◆ GIVEN INFORMATION:
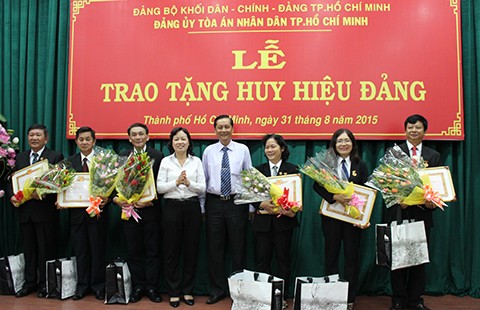 Sáu thẩm phán được trao tặng huy hiệu 30 năm tuổi Đảng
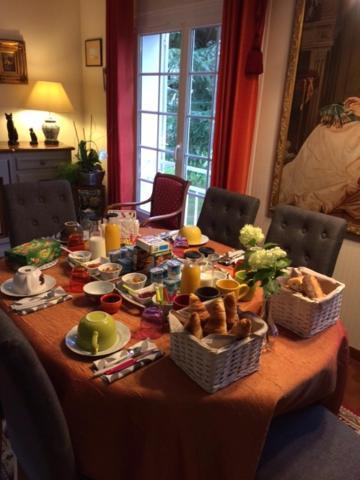 Clos Du Bourg Bed and Breakfast Saint-Cyr-en-Val Exterior foto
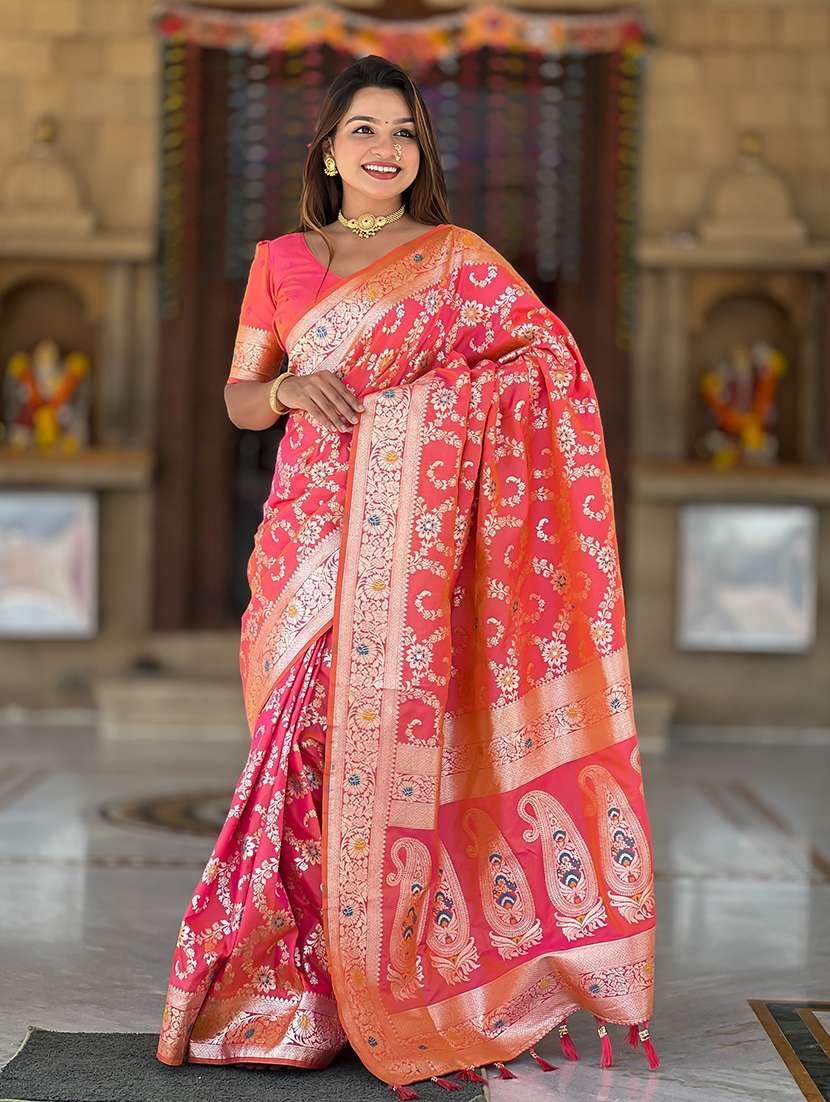 women self design banarasi saree with blouse - 22298839 -  Standard Image - 1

◆ HOW TO COMPLETE THIS TASK: Return the material in full and unaltered, minus its pictures.

◆ COMPLETED EXERCISE:
 Sáu thẩm phán được trao tặng huy hiệu 30 năm tuổi Đảng
 Clos Du Bourg Bed and Breakfast Saint-Cyr-en-Val Exterior foto
 women self design banarasi saree with blouse - 22298839 -  Standard Image - 1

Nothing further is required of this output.